Additional Information

Once a thriving community, Stroma’s only permanent inhabitants are seals, birds and sheep. The church, school, and about 50 old croft houses stand derelict.

Ancient stone structures testify to Stroma’s earliest residents, while a Norse presence around 900–1,000 years ago is recorded in the Orkneyinga Saga. Among the Norse structures is the ruin of Castle Mestag, in the south-west of the island. Stroma has been united with Caithness since at least the 15th century.

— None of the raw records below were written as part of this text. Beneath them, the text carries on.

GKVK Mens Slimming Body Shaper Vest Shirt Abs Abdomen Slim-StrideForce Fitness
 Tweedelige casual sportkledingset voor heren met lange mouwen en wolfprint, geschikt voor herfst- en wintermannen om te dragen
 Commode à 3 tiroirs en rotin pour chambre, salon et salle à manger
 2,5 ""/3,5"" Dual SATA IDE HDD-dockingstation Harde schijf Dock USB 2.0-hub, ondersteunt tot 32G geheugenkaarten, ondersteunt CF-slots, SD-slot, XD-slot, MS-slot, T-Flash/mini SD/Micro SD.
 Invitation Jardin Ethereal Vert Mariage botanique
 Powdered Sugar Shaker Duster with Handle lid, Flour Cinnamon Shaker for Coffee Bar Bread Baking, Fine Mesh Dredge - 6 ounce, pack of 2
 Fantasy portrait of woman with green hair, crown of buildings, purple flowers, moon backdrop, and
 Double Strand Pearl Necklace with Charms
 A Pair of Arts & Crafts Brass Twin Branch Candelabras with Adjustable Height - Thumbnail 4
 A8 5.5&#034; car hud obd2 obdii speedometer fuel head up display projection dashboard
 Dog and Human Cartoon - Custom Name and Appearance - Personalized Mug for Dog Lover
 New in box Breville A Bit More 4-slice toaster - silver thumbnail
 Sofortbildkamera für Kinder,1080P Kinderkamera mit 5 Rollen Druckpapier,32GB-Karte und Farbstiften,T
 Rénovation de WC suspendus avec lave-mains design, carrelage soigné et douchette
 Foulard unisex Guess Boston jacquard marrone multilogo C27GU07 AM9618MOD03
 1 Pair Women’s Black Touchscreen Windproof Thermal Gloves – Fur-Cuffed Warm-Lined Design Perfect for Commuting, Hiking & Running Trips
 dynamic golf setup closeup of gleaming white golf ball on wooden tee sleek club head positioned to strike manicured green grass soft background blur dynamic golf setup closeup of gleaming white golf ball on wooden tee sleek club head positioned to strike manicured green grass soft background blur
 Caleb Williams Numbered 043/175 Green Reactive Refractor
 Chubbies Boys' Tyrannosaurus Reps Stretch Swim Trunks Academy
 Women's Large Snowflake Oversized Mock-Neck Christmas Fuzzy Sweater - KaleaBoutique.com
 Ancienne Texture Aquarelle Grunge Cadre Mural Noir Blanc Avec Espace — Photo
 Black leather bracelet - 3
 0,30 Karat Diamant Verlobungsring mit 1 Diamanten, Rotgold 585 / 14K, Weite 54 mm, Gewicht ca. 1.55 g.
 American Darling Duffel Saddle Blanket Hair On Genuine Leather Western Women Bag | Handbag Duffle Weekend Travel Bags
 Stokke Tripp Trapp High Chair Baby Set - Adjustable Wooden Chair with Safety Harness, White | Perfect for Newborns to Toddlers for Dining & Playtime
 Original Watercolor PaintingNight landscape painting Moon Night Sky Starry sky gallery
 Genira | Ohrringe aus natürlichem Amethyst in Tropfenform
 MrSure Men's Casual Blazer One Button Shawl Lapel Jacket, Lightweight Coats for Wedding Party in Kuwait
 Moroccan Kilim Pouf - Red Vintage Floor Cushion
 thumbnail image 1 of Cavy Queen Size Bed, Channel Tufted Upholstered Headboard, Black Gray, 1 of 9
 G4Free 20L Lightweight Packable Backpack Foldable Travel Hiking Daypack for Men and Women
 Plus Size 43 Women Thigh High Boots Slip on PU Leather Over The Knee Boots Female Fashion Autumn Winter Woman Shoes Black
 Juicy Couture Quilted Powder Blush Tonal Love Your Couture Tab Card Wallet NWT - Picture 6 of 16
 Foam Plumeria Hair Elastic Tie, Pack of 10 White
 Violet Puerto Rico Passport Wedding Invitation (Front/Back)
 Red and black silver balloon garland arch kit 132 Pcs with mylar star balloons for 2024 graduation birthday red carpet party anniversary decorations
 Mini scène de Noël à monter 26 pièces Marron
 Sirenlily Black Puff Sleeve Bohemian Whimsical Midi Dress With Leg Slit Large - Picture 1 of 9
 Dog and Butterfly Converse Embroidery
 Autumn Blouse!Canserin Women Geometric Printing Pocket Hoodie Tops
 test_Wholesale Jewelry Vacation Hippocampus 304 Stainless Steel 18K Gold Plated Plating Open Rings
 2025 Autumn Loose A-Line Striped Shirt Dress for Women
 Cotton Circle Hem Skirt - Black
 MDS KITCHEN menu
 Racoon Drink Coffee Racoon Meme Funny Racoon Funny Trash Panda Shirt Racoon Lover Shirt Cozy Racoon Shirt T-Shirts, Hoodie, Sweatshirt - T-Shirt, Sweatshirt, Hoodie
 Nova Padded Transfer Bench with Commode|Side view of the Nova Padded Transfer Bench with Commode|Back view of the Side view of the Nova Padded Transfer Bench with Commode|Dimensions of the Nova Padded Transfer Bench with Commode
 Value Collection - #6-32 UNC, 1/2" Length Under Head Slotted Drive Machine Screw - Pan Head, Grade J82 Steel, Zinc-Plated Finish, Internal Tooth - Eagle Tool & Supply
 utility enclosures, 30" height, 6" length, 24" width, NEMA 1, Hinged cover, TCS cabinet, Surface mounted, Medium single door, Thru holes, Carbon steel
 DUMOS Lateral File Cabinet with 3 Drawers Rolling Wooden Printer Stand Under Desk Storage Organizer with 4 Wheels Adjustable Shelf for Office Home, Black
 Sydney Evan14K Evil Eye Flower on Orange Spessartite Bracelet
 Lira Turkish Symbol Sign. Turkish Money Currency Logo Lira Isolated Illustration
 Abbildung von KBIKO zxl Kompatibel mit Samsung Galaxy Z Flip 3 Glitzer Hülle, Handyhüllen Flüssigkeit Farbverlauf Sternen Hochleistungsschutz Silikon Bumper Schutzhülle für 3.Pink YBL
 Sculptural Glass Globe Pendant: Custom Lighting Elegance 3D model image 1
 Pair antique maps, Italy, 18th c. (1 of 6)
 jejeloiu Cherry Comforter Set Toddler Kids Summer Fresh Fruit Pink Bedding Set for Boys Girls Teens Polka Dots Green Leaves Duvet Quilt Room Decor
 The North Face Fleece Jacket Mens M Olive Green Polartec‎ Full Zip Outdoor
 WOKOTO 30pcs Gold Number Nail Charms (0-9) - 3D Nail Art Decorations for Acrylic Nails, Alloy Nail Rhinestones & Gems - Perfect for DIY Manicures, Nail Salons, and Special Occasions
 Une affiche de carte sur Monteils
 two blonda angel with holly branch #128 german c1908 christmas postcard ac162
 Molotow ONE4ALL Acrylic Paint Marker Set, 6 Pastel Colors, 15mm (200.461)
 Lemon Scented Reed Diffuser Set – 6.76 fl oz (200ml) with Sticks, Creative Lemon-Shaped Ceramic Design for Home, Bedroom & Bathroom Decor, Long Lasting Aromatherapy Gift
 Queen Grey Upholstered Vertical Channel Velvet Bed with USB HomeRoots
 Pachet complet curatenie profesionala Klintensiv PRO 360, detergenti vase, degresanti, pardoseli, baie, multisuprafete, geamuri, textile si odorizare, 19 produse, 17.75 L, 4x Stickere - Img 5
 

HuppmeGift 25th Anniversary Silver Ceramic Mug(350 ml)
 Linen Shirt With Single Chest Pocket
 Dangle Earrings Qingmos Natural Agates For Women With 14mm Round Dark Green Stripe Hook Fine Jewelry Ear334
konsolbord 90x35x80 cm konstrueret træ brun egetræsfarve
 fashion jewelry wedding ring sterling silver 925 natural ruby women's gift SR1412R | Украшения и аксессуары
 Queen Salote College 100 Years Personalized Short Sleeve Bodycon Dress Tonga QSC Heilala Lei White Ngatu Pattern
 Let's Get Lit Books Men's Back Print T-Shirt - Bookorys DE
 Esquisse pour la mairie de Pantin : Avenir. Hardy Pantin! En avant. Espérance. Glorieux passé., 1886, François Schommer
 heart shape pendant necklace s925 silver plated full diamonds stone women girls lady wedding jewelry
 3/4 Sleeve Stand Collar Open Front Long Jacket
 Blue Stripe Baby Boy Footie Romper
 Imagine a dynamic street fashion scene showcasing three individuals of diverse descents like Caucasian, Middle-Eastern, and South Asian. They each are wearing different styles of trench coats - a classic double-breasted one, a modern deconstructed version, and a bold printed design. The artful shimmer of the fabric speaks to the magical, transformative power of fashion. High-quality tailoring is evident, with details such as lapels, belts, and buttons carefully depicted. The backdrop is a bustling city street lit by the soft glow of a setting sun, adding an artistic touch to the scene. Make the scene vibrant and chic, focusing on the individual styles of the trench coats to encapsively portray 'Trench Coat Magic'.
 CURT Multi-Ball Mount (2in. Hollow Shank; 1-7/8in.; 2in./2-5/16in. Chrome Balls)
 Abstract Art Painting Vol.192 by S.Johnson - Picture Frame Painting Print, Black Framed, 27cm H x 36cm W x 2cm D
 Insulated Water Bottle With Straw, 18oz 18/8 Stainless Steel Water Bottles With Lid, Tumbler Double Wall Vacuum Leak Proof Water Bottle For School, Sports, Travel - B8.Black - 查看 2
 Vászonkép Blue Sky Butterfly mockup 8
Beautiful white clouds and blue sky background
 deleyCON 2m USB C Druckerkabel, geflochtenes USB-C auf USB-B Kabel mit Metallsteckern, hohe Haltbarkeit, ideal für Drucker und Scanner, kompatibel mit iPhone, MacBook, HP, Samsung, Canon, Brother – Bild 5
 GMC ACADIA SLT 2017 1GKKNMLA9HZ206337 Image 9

Although lying only 2 miles from John O’Groats, the savage weather and ferociously strong tides of the Pentland Firth meant Stroma’s population was very isolated, and was required to be largely self-sufficient, trading agricultural produce and fish with the mainlanders. Most of the islanders were fishermen and crofters; some also worked as maritime pilots to guide vessels through the treacherous waters of the Pentland Firth. The tides and currents meant that shipwrecks were frequent and salvage provided an additional – though often illegal – supplement to their income.

Most people lived in single-storey houses with two main rooms, called the 'but' and 'ben'. In such houses there was usually a small bedroom (called the 'closet') and a porch. The 'but' was the living room where all everyday family life took place; the 'ben', however, was only used on special occasions, like when visitors came.

Stroma’s population declined through the first half of the 20th century as inhabitants drifted away to seek opportunities elsewhere, with economic problems and isolation making life on the island increasingly unsupportable. Stroma's final abandonment came in 1997 when the lighthouse keepers and their families departed and the facility was automated.

Did You Know?

Did You Know?

Stroma is from the Old Norse Straumr-øy meaning "island in the [tidal] stream”.